**AIM OF THE TASK:** The output should be every line below, retyped exactly, with no images.

**MATERIAL PROVIDED:**
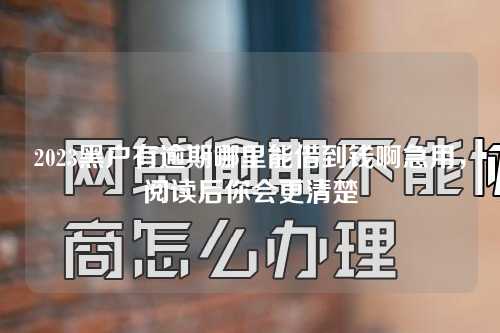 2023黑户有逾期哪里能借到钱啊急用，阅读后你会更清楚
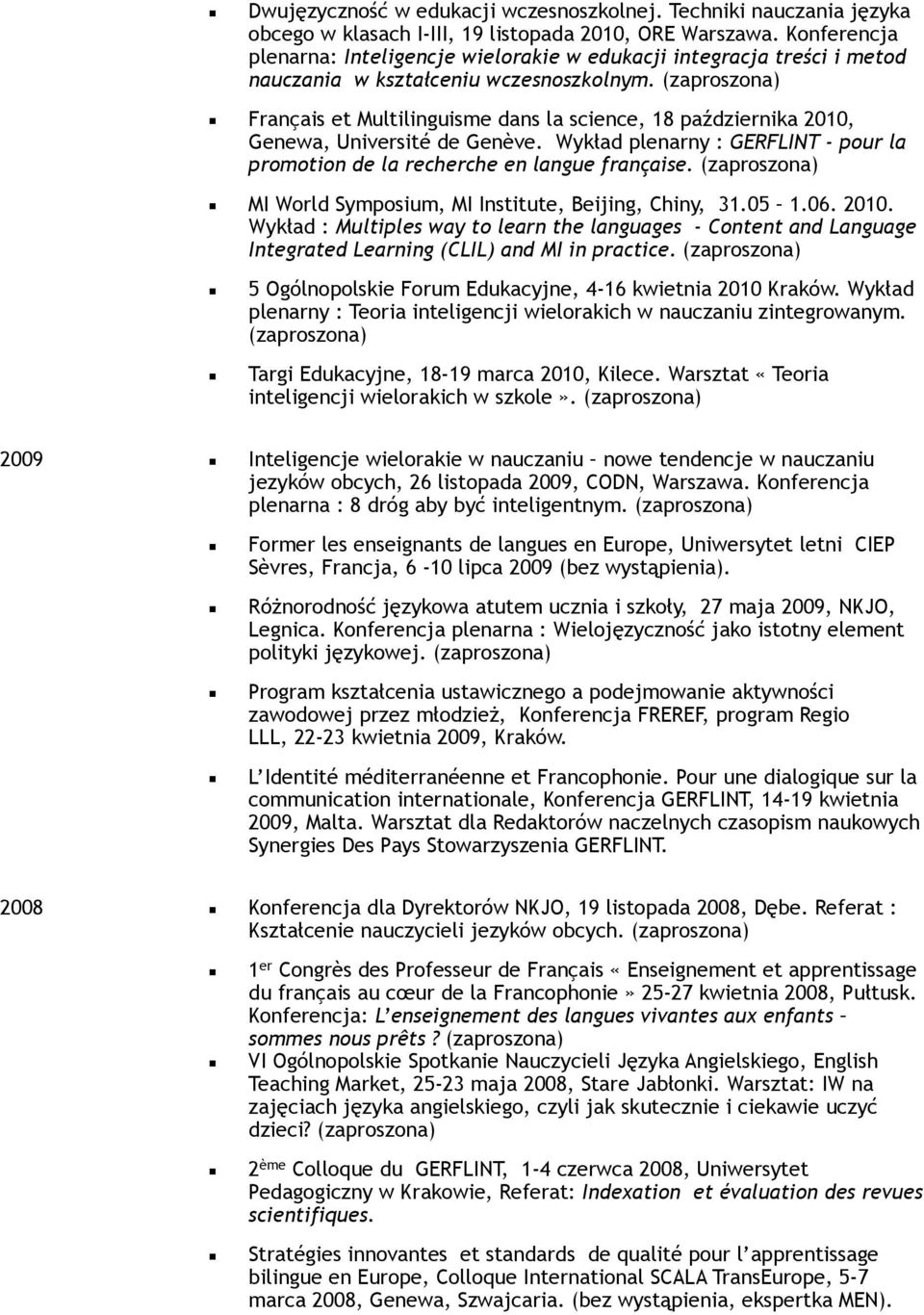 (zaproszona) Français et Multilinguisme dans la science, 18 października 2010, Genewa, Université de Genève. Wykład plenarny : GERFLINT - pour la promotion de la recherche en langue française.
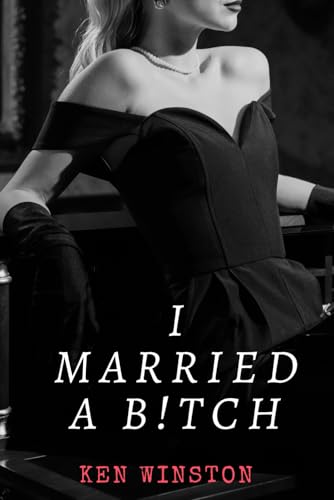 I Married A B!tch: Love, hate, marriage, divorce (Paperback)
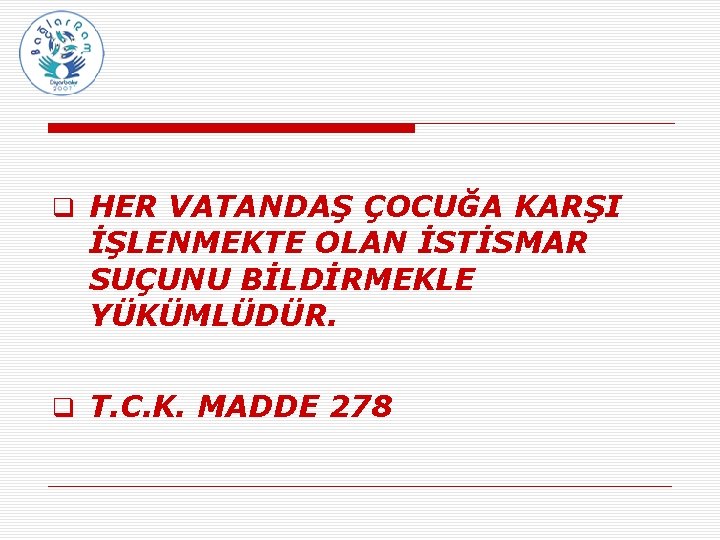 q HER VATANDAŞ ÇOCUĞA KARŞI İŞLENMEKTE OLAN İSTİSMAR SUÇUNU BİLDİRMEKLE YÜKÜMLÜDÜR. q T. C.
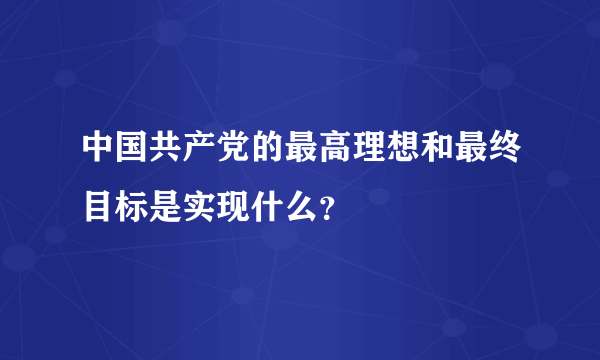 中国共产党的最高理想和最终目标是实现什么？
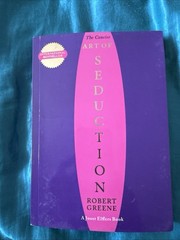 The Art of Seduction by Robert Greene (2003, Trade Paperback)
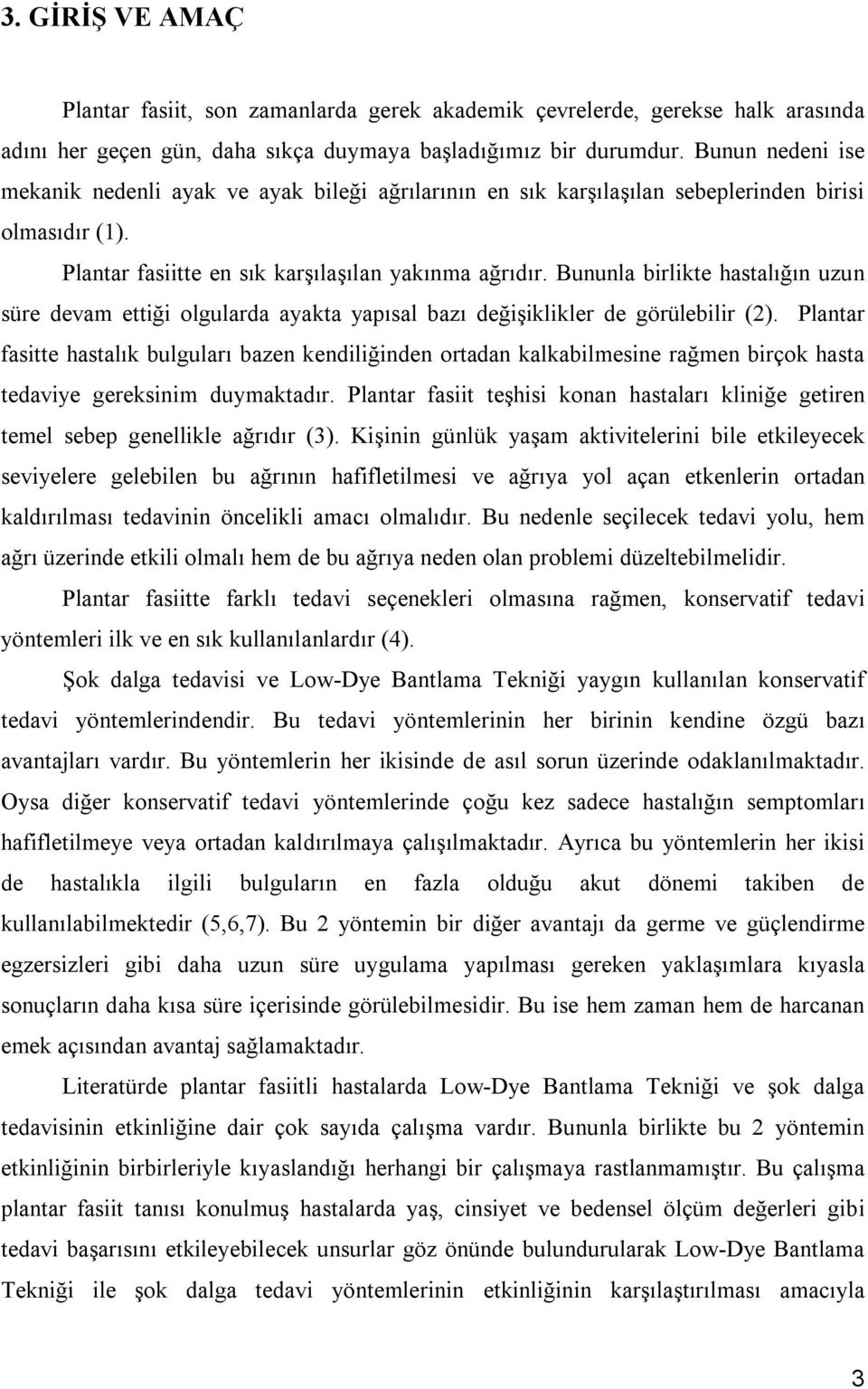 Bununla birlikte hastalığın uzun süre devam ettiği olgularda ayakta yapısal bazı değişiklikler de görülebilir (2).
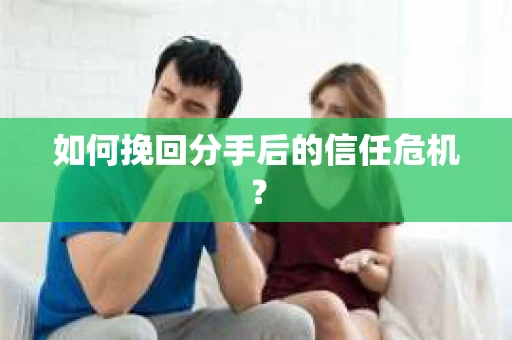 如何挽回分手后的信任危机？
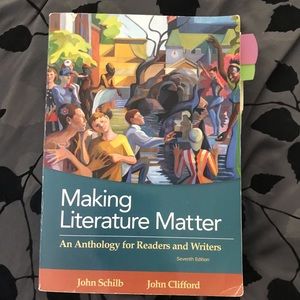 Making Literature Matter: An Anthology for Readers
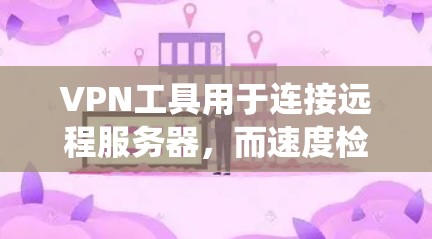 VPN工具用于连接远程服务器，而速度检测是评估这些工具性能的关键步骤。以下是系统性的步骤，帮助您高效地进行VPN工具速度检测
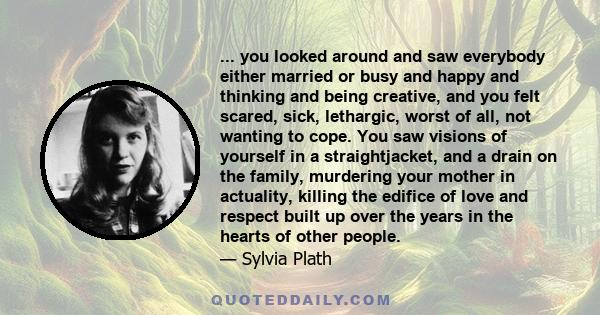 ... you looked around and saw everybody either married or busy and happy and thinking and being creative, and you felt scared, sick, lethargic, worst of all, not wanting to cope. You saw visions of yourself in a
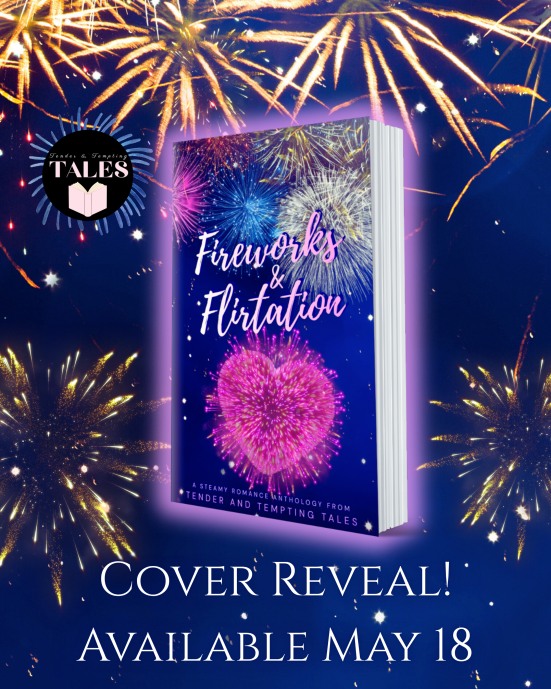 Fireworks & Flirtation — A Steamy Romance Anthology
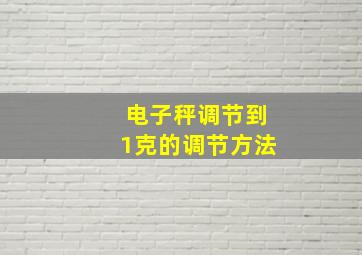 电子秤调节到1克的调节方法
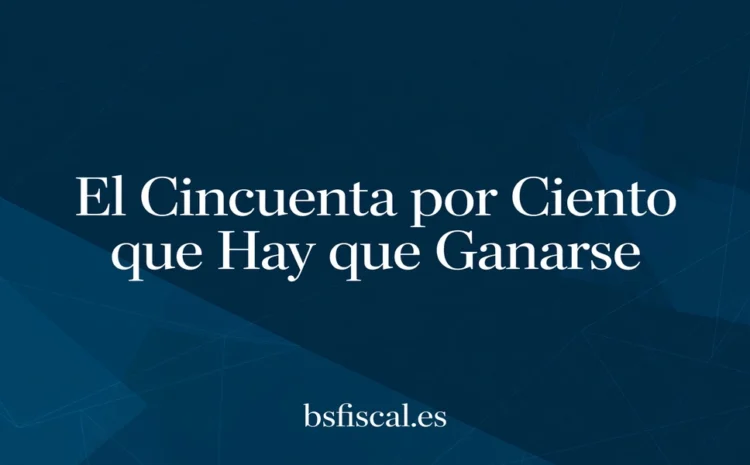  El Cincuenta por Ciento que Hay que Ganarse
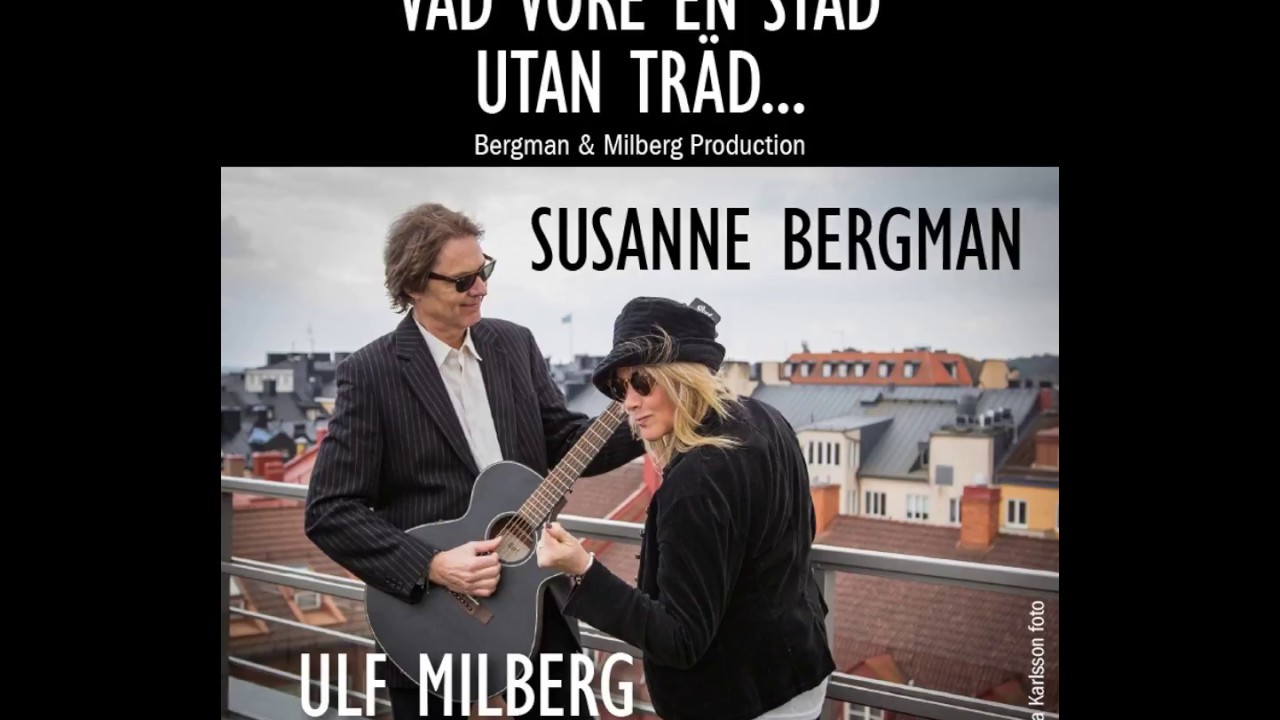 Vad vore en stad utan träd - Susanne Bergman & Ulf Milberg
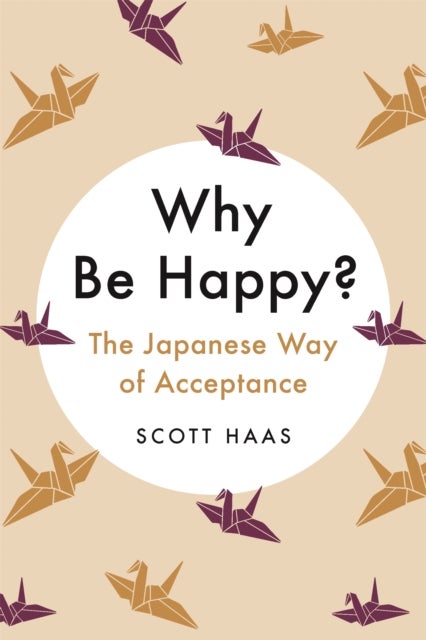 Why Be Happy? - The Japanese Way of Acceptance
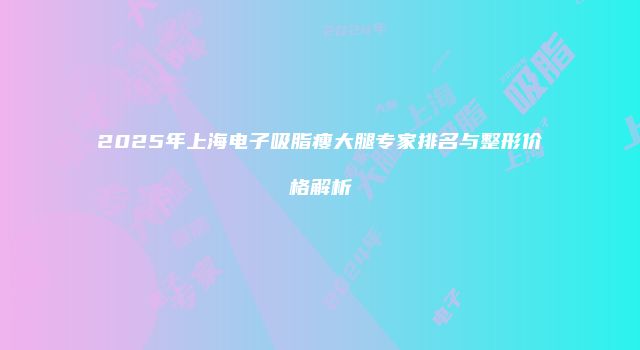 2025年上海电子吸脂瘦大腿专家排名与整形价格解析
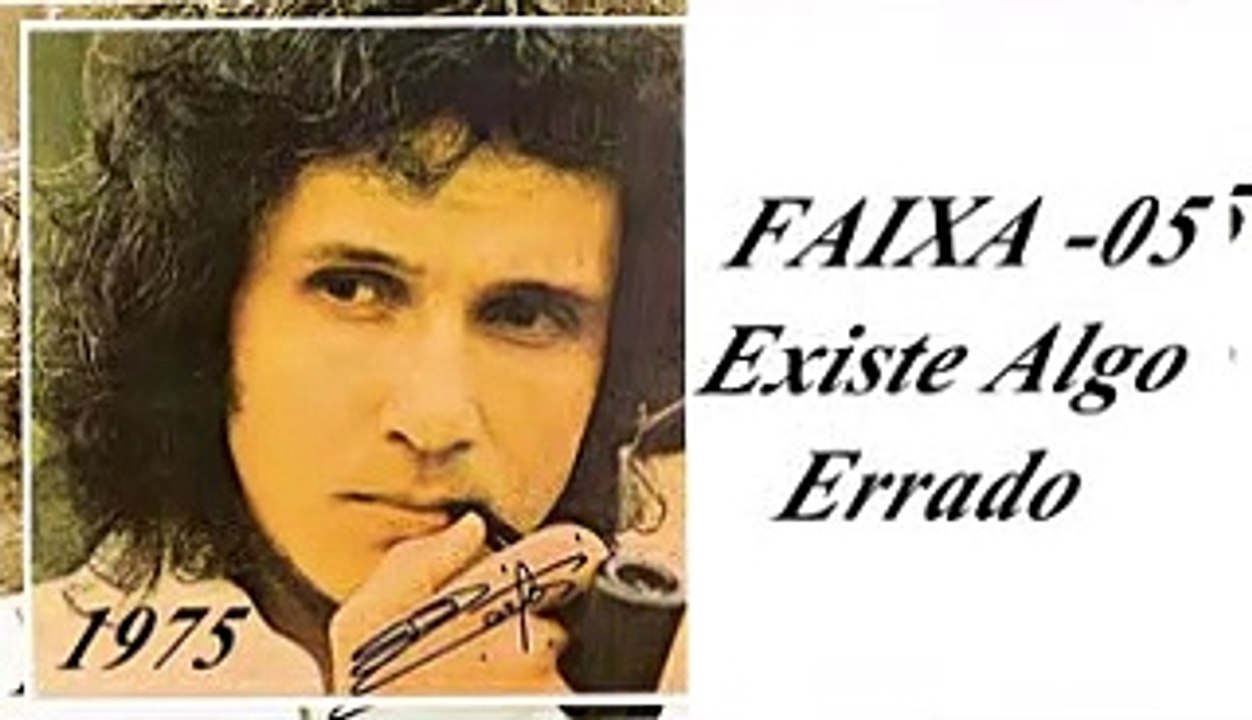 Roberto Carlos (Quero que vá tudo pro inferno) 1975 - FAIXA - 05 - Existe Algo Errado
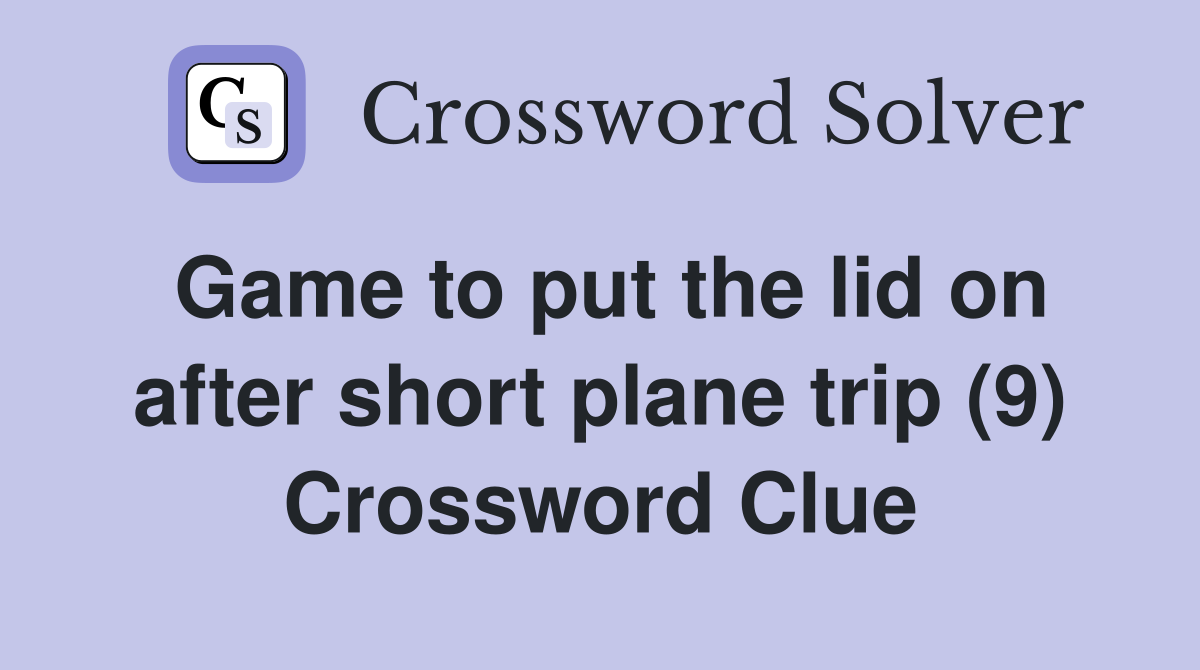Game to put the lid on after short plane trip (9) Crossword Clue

**RESULT OF THIS EXERCISE:**
 2023黑户有逾期哪里能借到钱啊急用，阅读后你会更清楚
 (zaproszona) Français et Multilinguisme dans la science, 18 października 2010, Genewa, Université de Genève. Wykład plenarny : GERFLINT - pour la promotion de la recherche en langue française.
 I Married A B!tch: Love, hate, marriage, divorce (Paperback)
 q HER VATANDAŞ ÇOCUĞA KARŞI İŞLENMEKTE OLAN İSTİSMAR SUÇUNU BİLDİRMEKLE YÜKÜMLÜDÜR. q T. C.
 中国共产党的最高理想和最终目标是实现什么？
 The Art of Seduction by Robert Greene (2003, Trade Paperback)
 Bununla birlikte hastalığın uzun süre devam ettiği olgularda ayakta yapısal bazı değişiklikler de görülebilir (2).
 如何挽回分手后的信任危机？
 Making Literature Matter: An Anthology for Readers
 VPN工具用于连接远程服务器，而速度检测是评估这些工具性能的关键步骤。以下是系统性的步骤，帮助您高效地进行VPN工具速度检测
 ... you looked around and saw everybody either married or busy and happy and thinking and being creative, and you felt scared, sick, lethargic, worst of all, not wanting to cope. You saw visions of yourself in a
 Fireworks & Flirtation — A Steamy Romance Anthology
 电子秤调节到1克的调节方法
  El Cincuenta por Ciento que Hay que Ganarse
 Vad vore en stad utan träd - Susanne Bergman & Ulf Milberg
 Why Be Happy? - The Japanese Way of Acceptance
 2025年上海电子吸脂瘦大腿专家排名与整形价格解析
 Roberto Carlos (Quero que vá tudo pro inferno) 1975 - FAIXA - 05 - Existe Algo Errado
Game to put the lid on after short plane trip (9) Crossword Clue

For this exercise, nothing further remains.